New national program to improve palliative care
$11.6M funding for National Palliative Care Coordination and Palliative Care Outcomes Collaboration Programs
The University of Wollongong (UOW) has been awarded two major grants, which total $11.6 million in Australian Government funding. The two programs combined will make a substantial contribution to improving coordination and collaboration, and patient outcomes in palliative care.
The new National Palliative Care Coordination (NPCC) program is to distinguish between primary and specialist palliative care and establish a national specialist palliative care referral and discharge criteria.
This newly funded initiative will achieve this by collaborating with representatives from the key medical, nursing, and allied health colleges and government stakeholders, along with expert researchers, and key clinical services and primary health network throughout the country.
Collaboration with the spectrum of health care workers across primary care, acute care, emergency care, and specialist palliative care will improve understanding of workflows and interrogate existing datasets, evidence, and surveys to fuel evidence-based and clinically useful recommendations.
The program will strengthen primary, emergency and specialist care for those with life-limiting illnesses by improving outcomes, access, collaboration and coordination. The aim is to help reduce unnecessary hospital visits, hospital admissions, and unnecessary emergency department visits and improve access and outcomes for people who require palliative care, including underserved populations from regional and rural communities.

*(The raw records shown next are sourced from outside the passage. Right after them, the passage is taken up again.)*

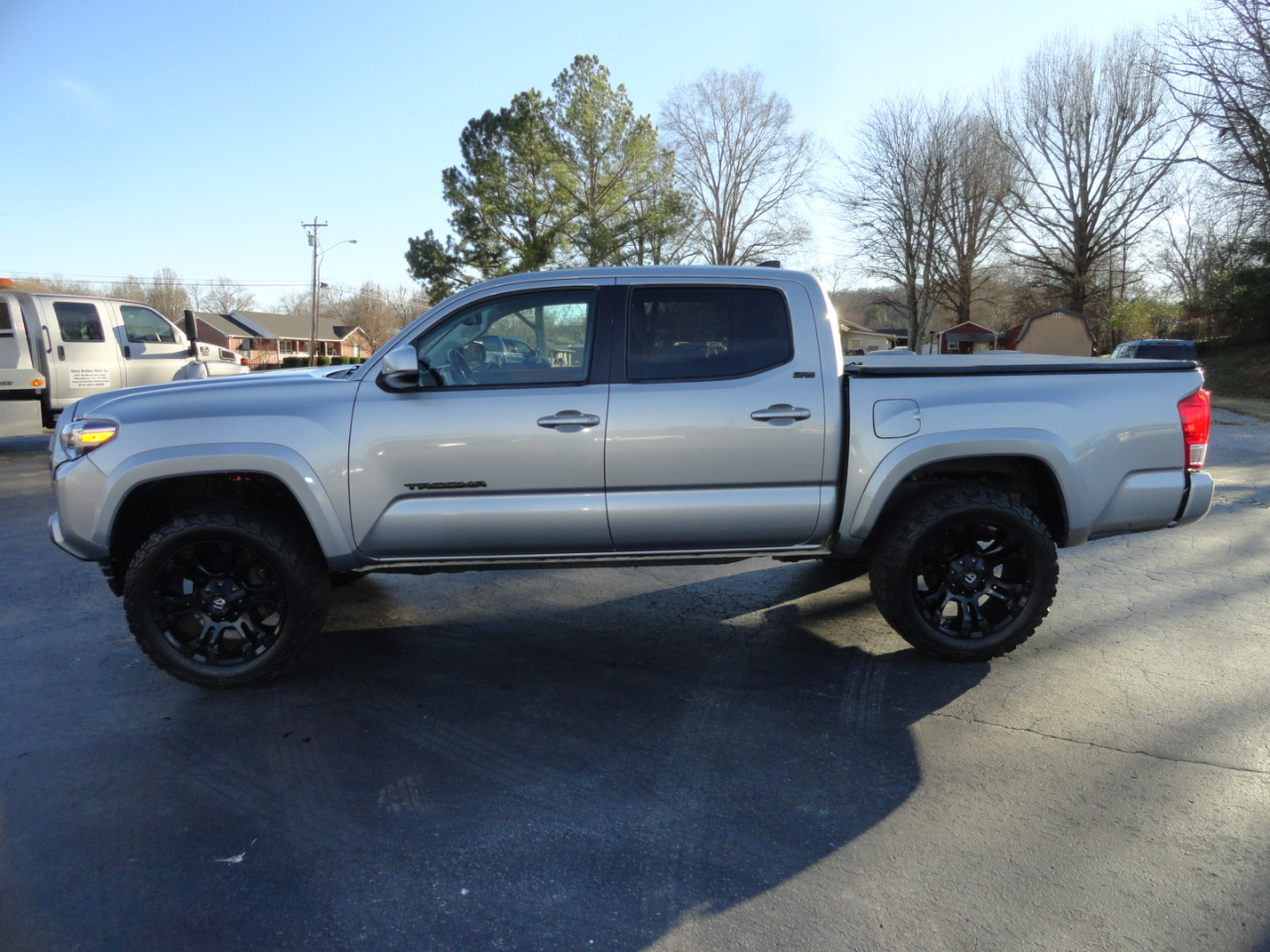 Toyota Tacoma SR5 Double Cab 5' Bed V6 4x2 AT (Natl) 2017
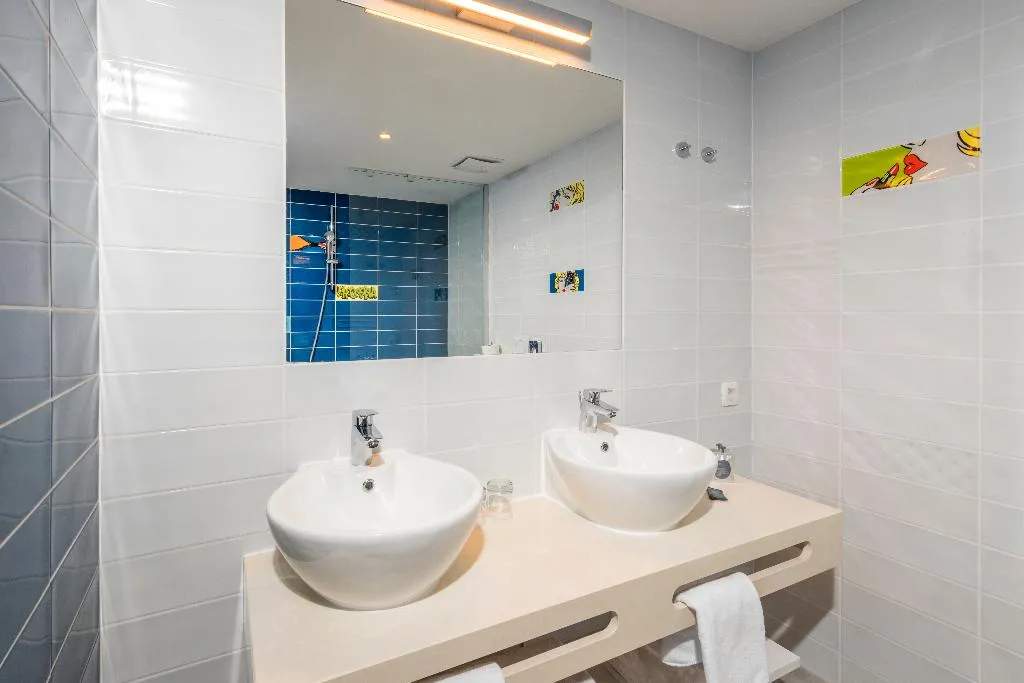 JUNIOR SUITE WITH TERRACE Room, Pharos, hvar bayhill hotel, Split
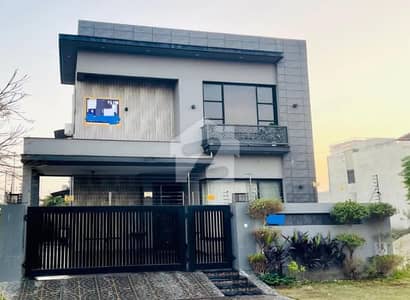 10 Marla Well Maintained Bungalow With Basement Peaceful Location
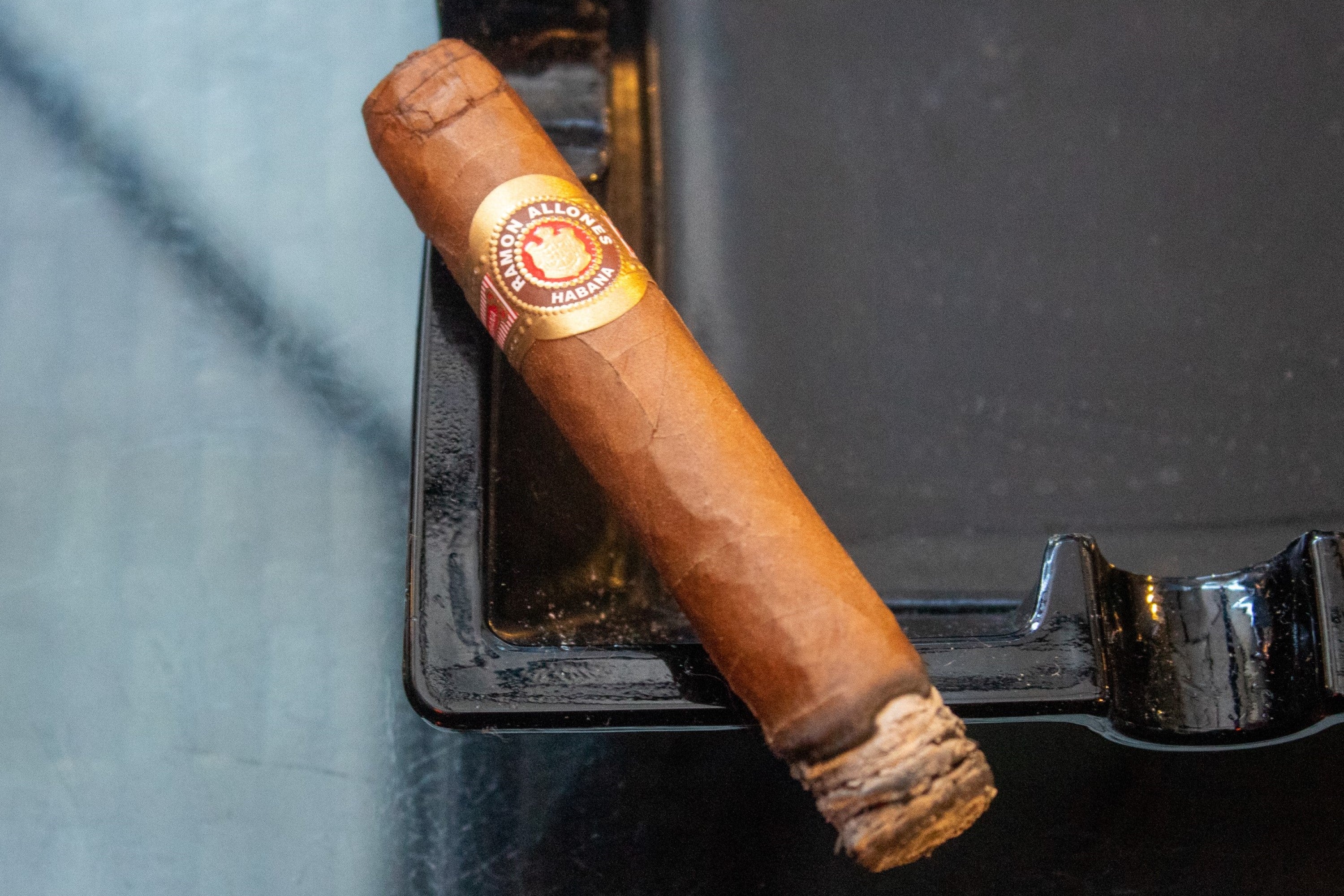 Ramon Allones Small Club Coronas Ash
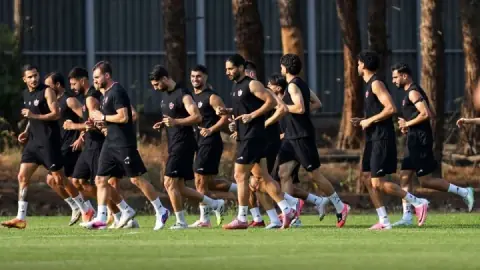 بانک شهر و هیأت مدیره در کنار حدادی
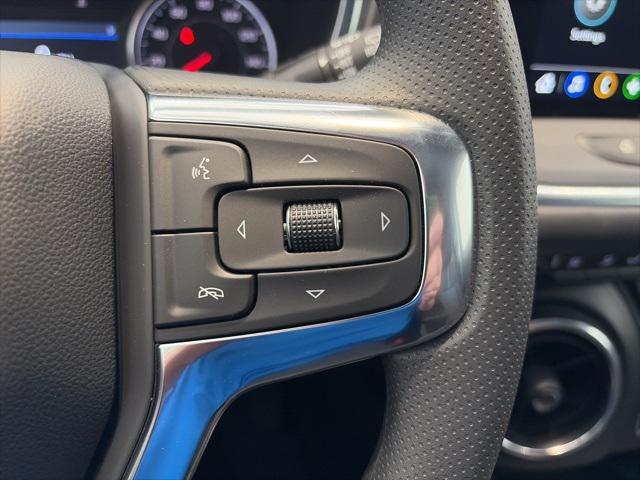 new 2025 Chevrolet Blazer car, priced at $36,985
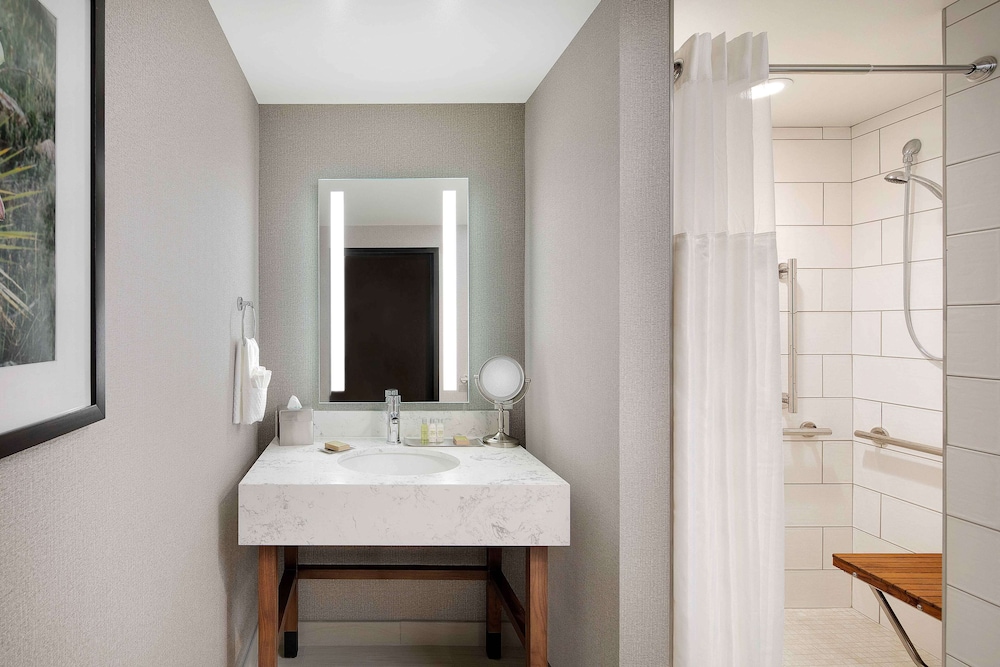 Suite, 1 King Bed, Accessible, Non Smoking (Roll-in Shower, Boardroom) photo 2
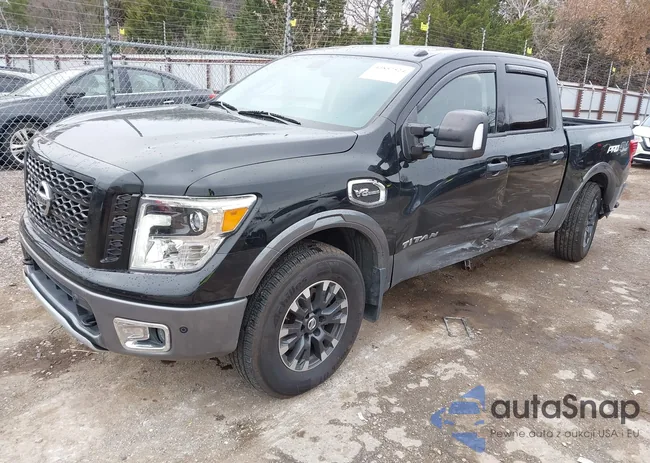 1N6AA1E55HN569627: 43857524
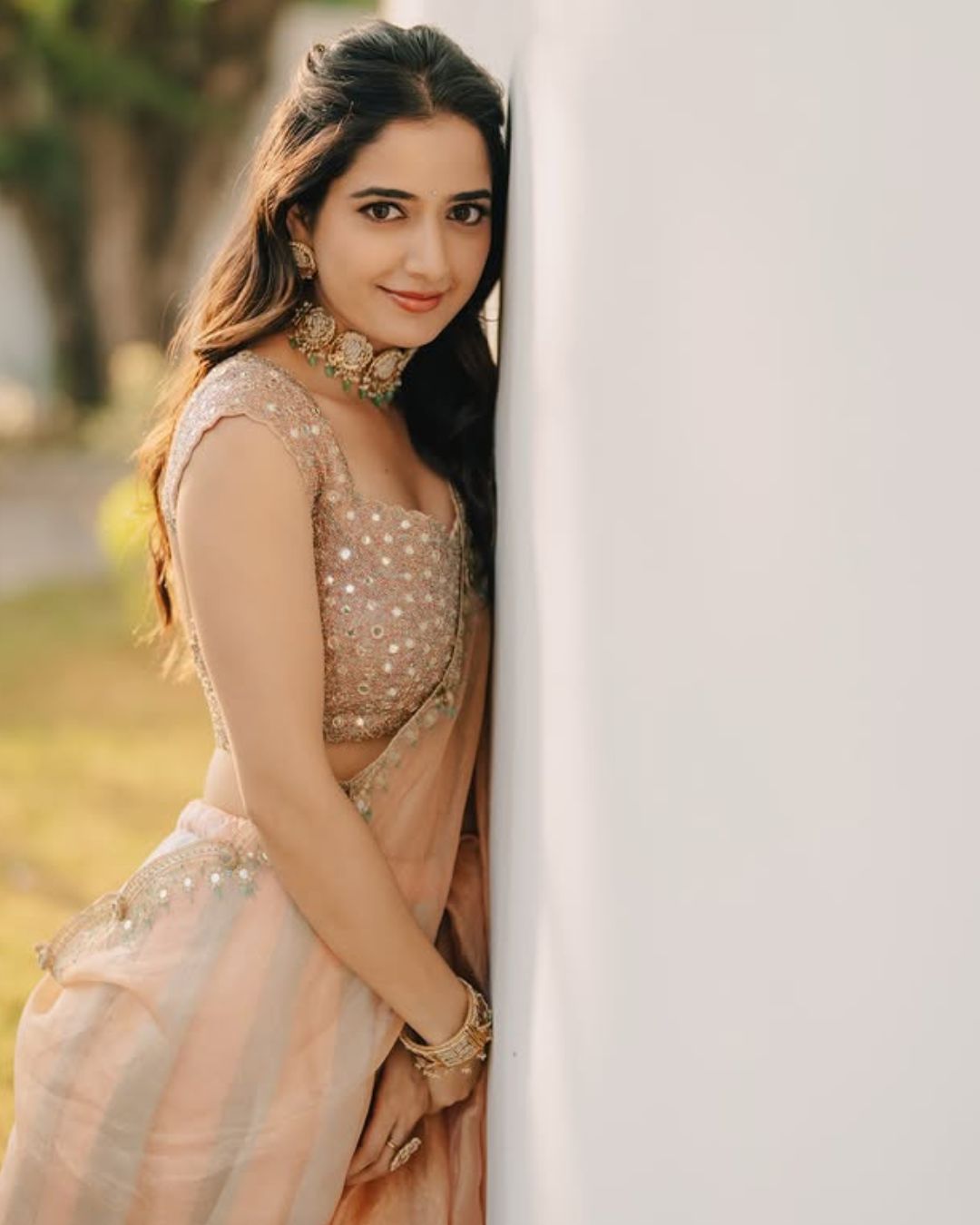 Ashika Ranganath : లెహంగాలో మనసు దోచుకుంటున్న ఆషిక.. మతిపోతుంది మామ..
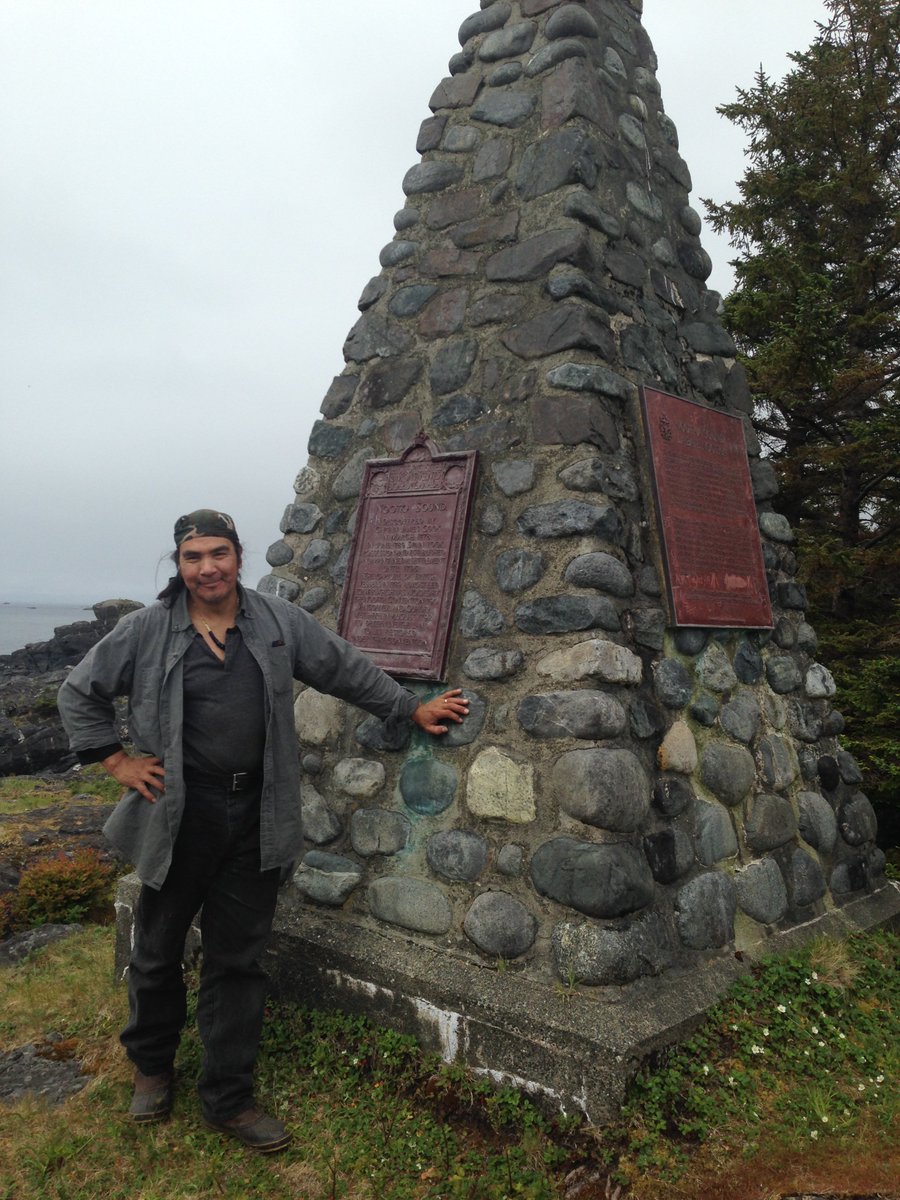 At Yuquot, we have a fallen pole from 1919 that's decaying, and nearby: a monument that celebrates Captain Cook's 'discovery' of our lands. Something is wrong here. #RightAWrong My plan: To sculpt a totem pole for the Yuquot people, *visible* from the Yuquot cove. @Monugogy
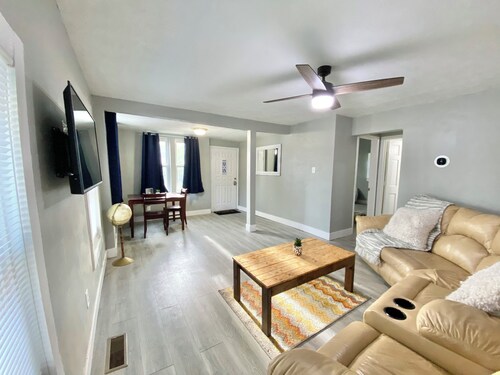 Seventeenth Street 2-bedroom 1 bath house with AC, WiFi in Herrin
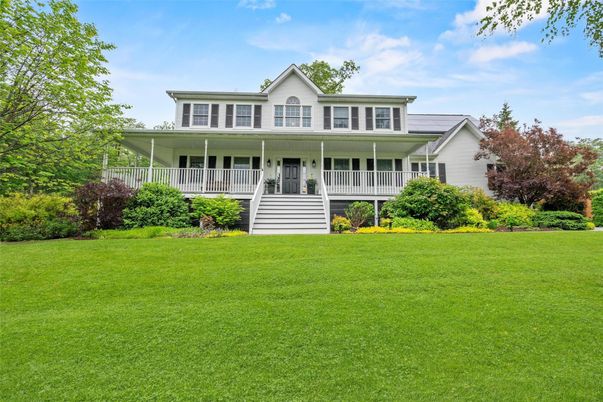 Backyard, Exterior, Facade, Queen Anne Victorian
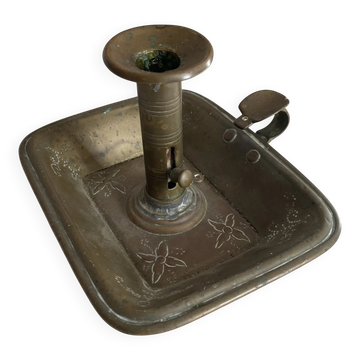 Old bedroom candlestick, "cellar rat" candlestick from the 19th century.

The National Palliative Care Coordination Framework for Australia supports primary care physicians, including community-based GPs, nurse practitioners and treating specialists, in managing palliative care problems and in initiating specialist palliative care referral for more complex issues.
Associate Professor Barbara Daveson, who is a Chief Investigator on the program said: “Australia has an ongoing challenge to ensure patients and their carers receive equitable and effective care.”
“National agreement regarding what distinguishes the need for primary versus specialist palliative care is lacking, and national specialist palliative care referral and discharge criteria don’t exist.
“The new funding for the National Palliative Care Coordination program is designed to help address this by establishing models and systems to effectively respond to increasing burden of chronic conditions in Australia.”
UOW Deputy Vice-Chancellor and Vice-President (Research and Sustainable Futures) and a Chief Investigator of the program, Professor David Currow said: “This investment helps provide sustainable solutions and positions Australia as a country that is continued to being committed to being a leader in research, innovation and health systems solutions of benefit for those living with life-limiting illnesses.
“The new National Palliative Care Coordination program can address one of the challenges faced in Australia and internationally.
“Having the evidence and structures to develop and implement solutions at scale are becoming increasingly important within health care, and protocols to ensure accurate assessment, referral and discharge are of paramount importance both for the patients and their carers, but also for the ongoing development of medical, nursing and allied health specialties.”
The Palliative Care Outcomes Collaboration (PCOC) program, which is a core national program, will also receive renewed funding of $8.7 million to systematically improve palliative care patient and carer outcomes, including pain, symptom control and symptom-related distress.
This program supports palliative care providers across Australia to embed point-of-care patient-reported and clinician-rated outcome measures to both identify and drive quality improvements.
PCOC Director and Chief Investigator Associate Professor Daveson said PCOC will also advance nationally consistent data collection mechanisms and reporting to help improve health systems, service delivery and ultimately patient and carer outcomes.
“The Australian health system is one of the best in the world but there is a need to continue to pursue optimal outcomes for everyone in society. Trends in national information from the program have shown clear improvements in outcomes, but there are still areas of great clinical importance, such as distress-related to pain, that need to be improved,” Associate Professor Daveson said.
“The Government’s renewed funding of the Palliative Care Outcomes Collaboration means that the program can continue to collaborate with every service across the country that provides palliative care so that together we continue in the perennial pursuit of improving patient outcomes for not just some but for every patient.
“Patient-reported outcomes, which are key to the PCOC program are also key to improving health systems. This means the program can help shape and improve the Australia health system by listening to the voices of those that matter most, the patients themselves.”
Professor Currow said: “UOW is one of the very few universities in the world that have been able to develop, implement and sustain national models driven by patient-reported outcomes, this means the PCOC program continues to make a unique and valuable contribution both within Australia, and internationally.”